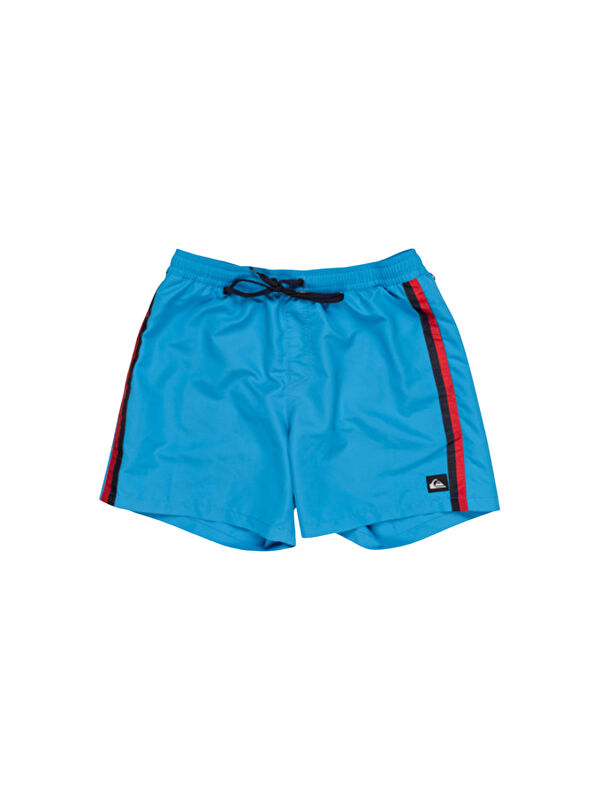 Quiksilver Remade Beach Please 16 Erkek Volley Short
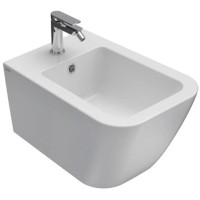 Биде подвесное Globo Stone STS10bIx1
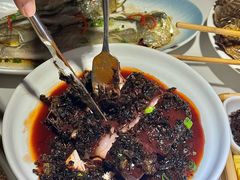-33号大院·青岛本帮菜(五四广场店)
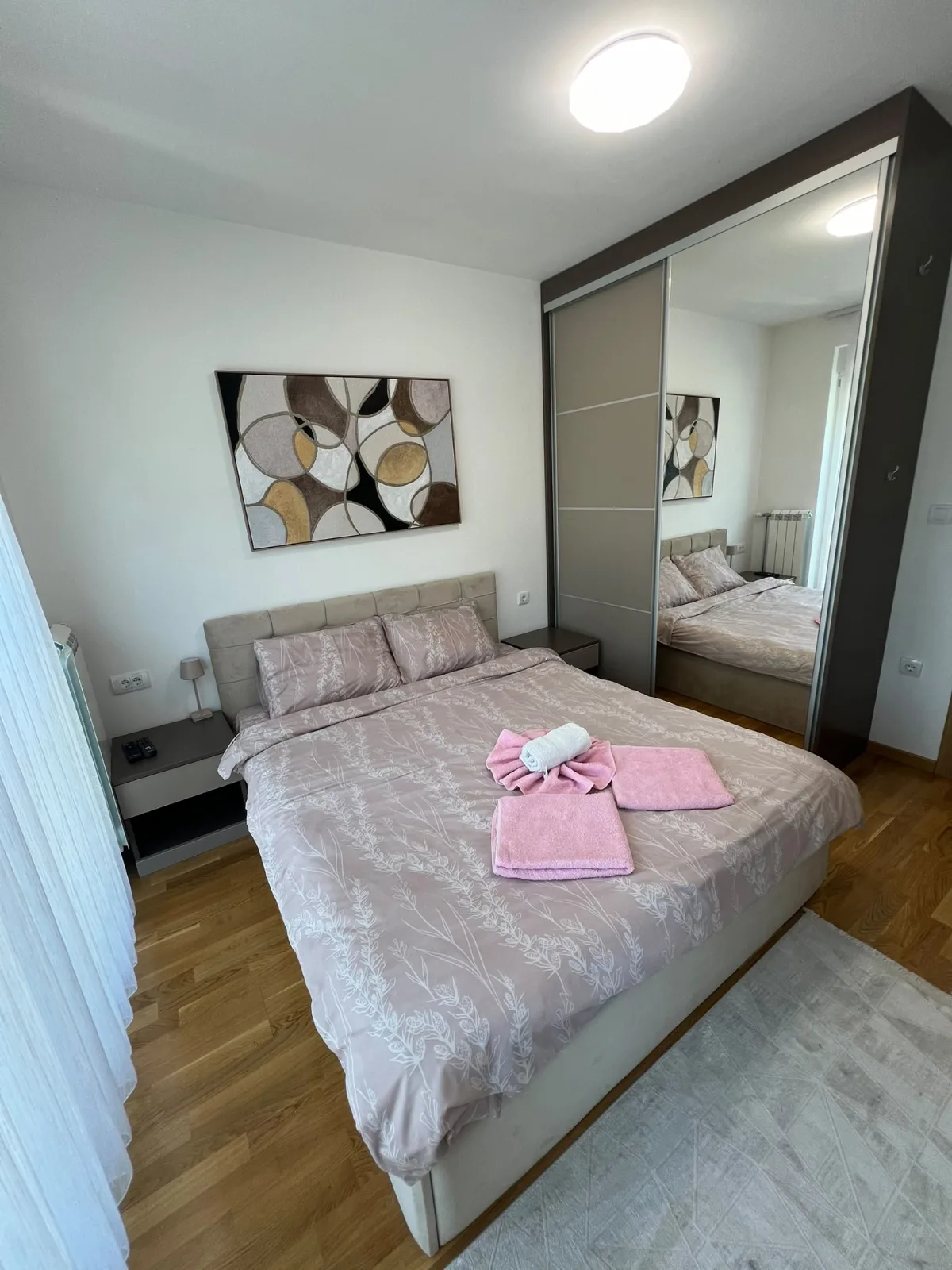 Apartman Pavić Lux - fotografija 4 od 12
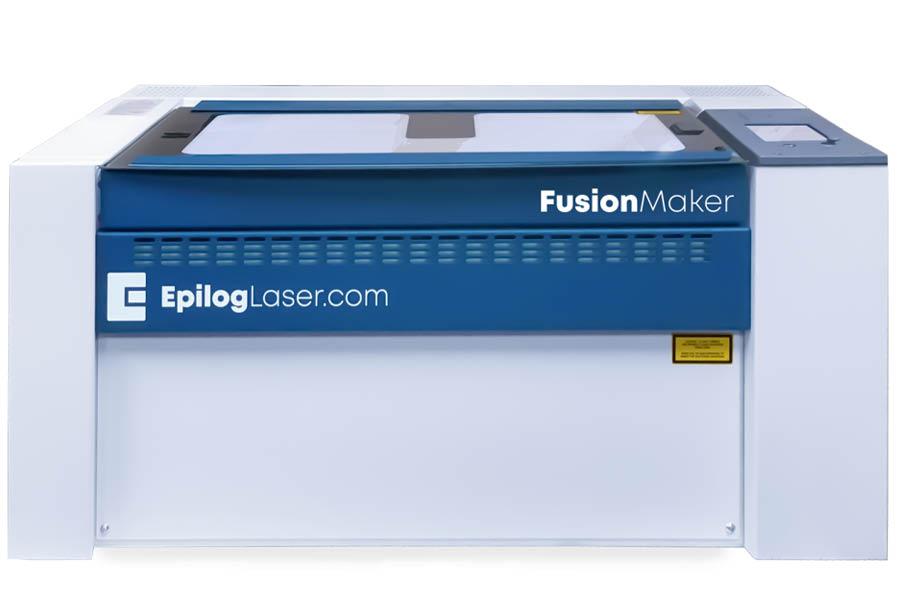 Epilog Fusion Maker Laser Cutter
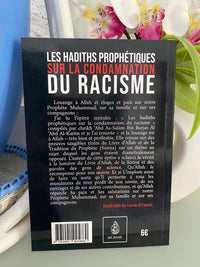 Les Hadiths Prophétiques Sur La Condamnation Du Racisme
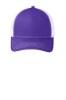 Picture of Port Authority Snapback Trucker Cap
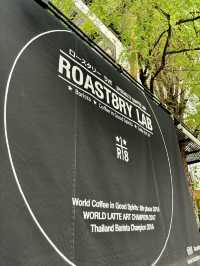 Roast8ry Lab - Specialty Coffee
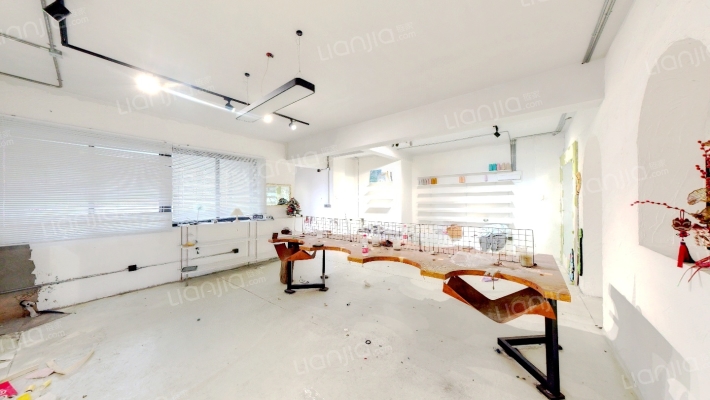 香江丽苑二手房实景图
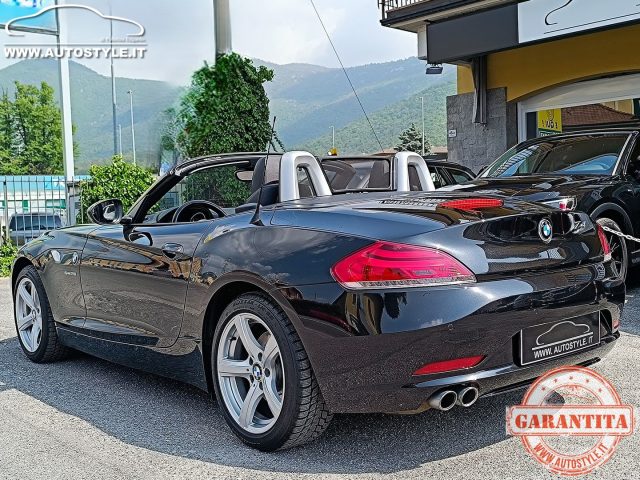 BMW Z4 SDRIVE28I SPORTAUTOMATIC ROADSTE - foto 49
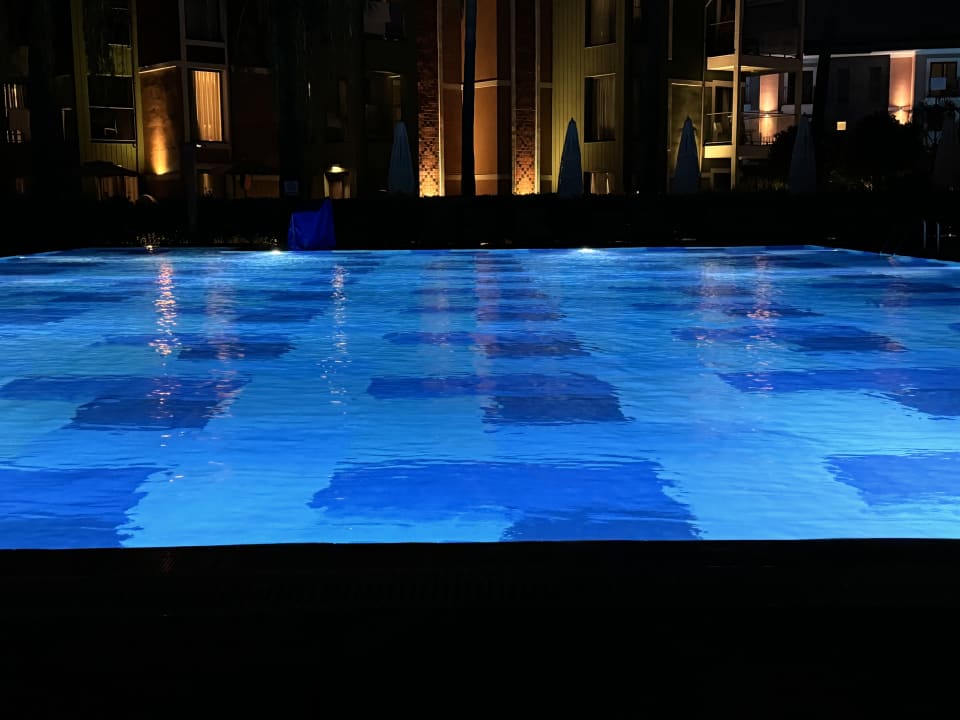 Pool Megasaray Club Belek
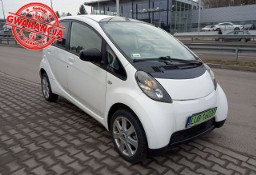 Citroen C-Zero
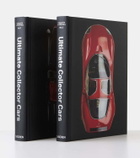 Taschen Ultimate Collector Cars XL book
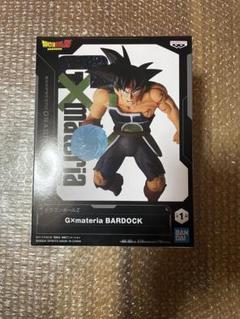 ドラゴンボール改 DXフィギュアII 孫悟空&バーダック 未開封2点セット ドラゴンボール - ドラゴンボール改 DXフィギュアII 孫悟空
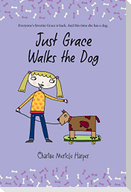 Just Grace Walks the Dog, 3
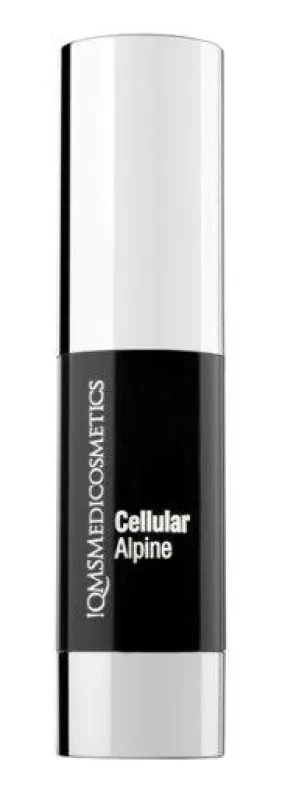 Cellular Alpine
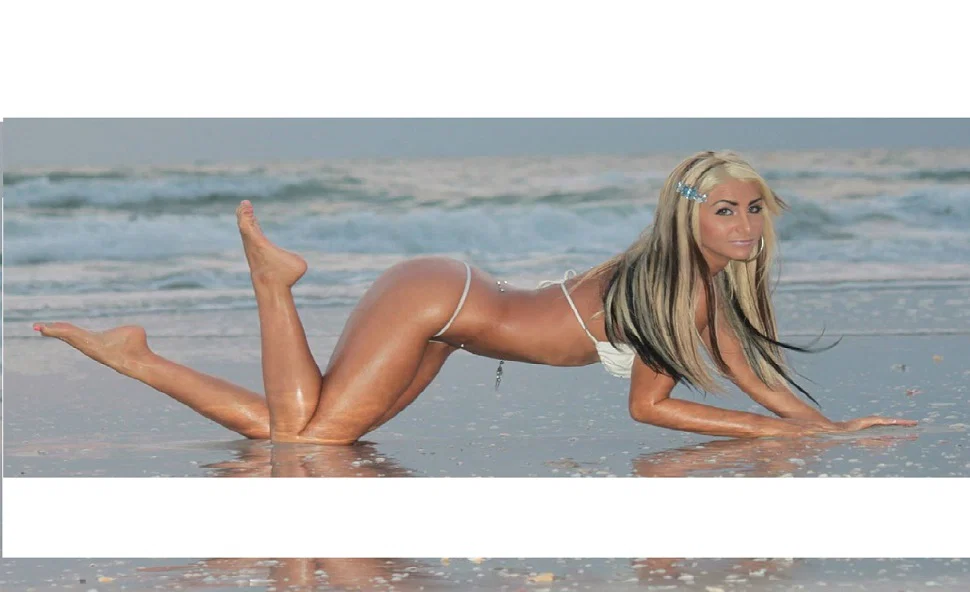 ADRIANNA FOX profile banner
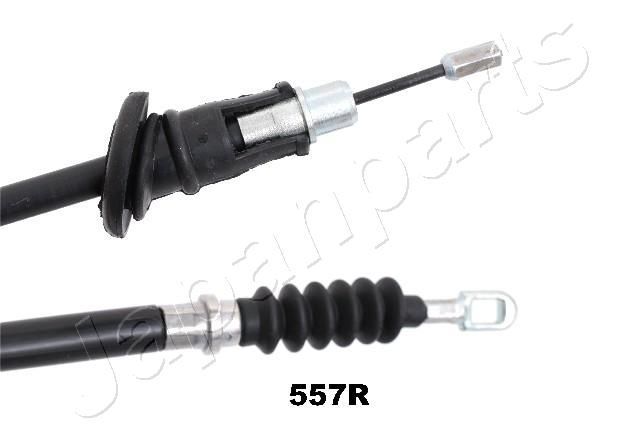 Trosas, stovėjimo stabdys JAPANPARTS BC-557R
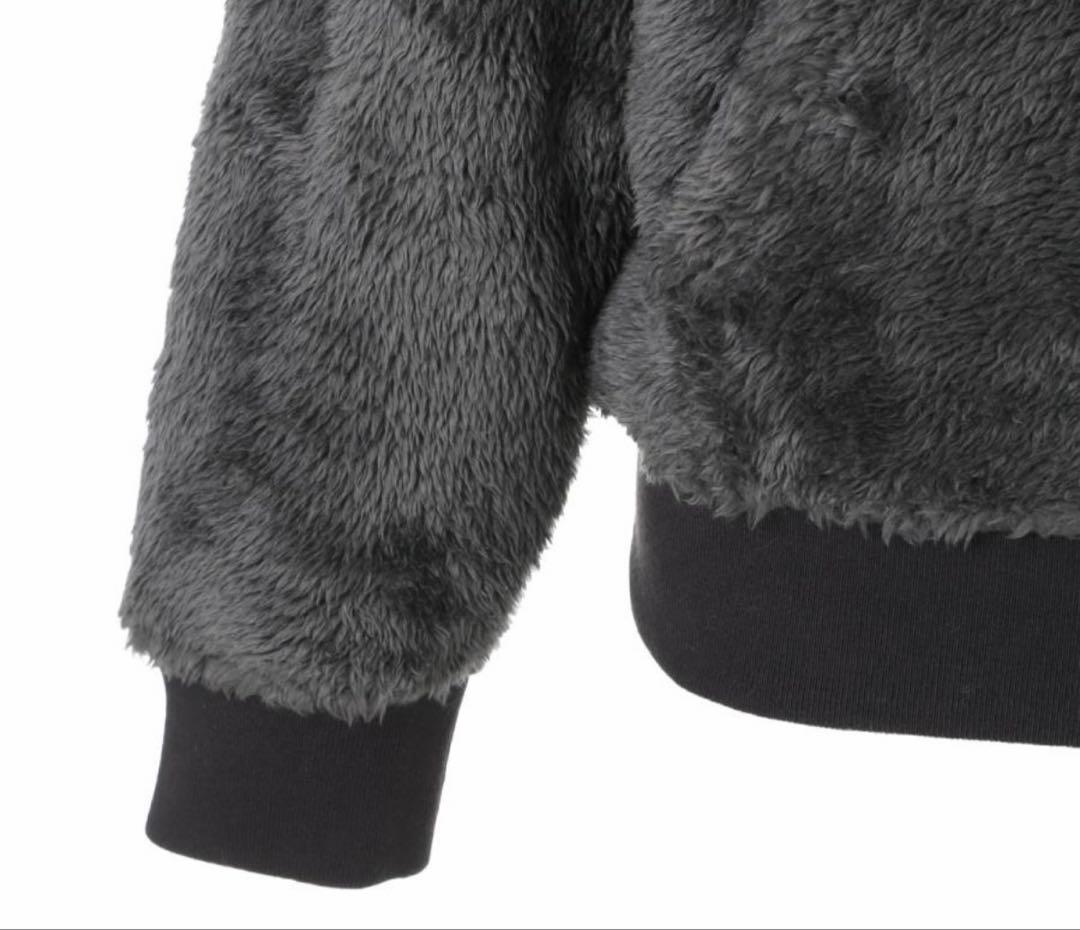 新品UGG ボア　パーカー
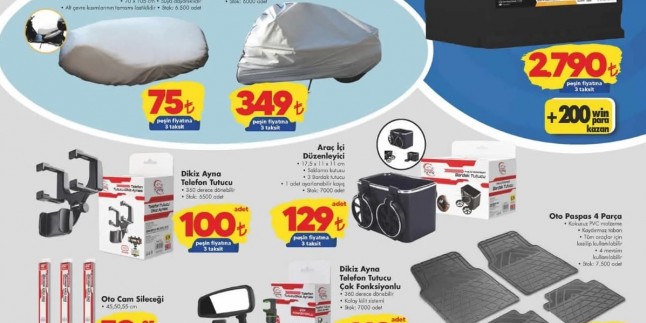 ŞOK Market 31 Ocak 2026 Aktüel İndirimli Ürünler Kataloğu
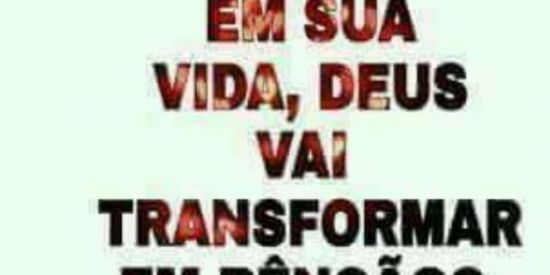 Imagem do grupo de WhatsApp IGREJA PENTECOSTAL 😇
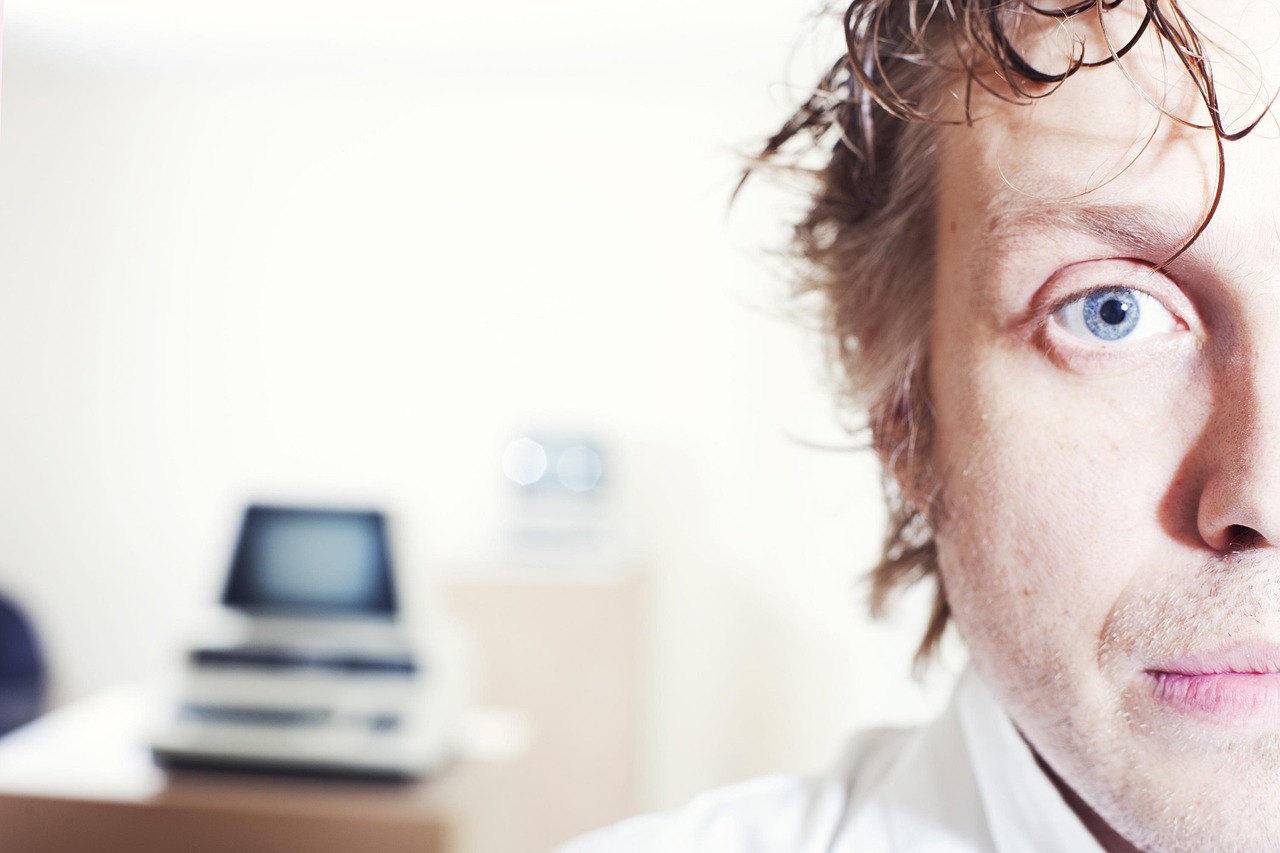 http攻击|黑客攻击案例研究：从目标选择到信息收集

——

- [What is being asked]: The required output is the lines from the one containing "Pool Megasaray Club Belek" through the end of the data, printed exactly, with no pictures.

- [Exercise result]:
 Pool Megasaray Club Belek
 Citroen C-Zero
 Taschen Ultimate Collector Cars XL book
 ドラゴンボール改 DXフィギュアII 孫悟空&バーダック 未開封2点セット ドラゴンボール - ドラゴンボール改 DXフィギュアII 孫悟空
 Just Grace Walks the Dog, 3
 Cellular Alpine
 ADRIANNA FOX profile banner
 Trosas, stovėjimo stabdys JAPANPARTS BC-557R
 新品UGG ボア　パーカー
 ŞOK Market 31 Ocak 2026 Aktüel İndirimli Ürünler Kataloğu
 Imagem do grupo de WhatsApp IGREJA PENTECOSTAL 😇
 http攻击|黑客攻击案例研究：从目标选择到信息收集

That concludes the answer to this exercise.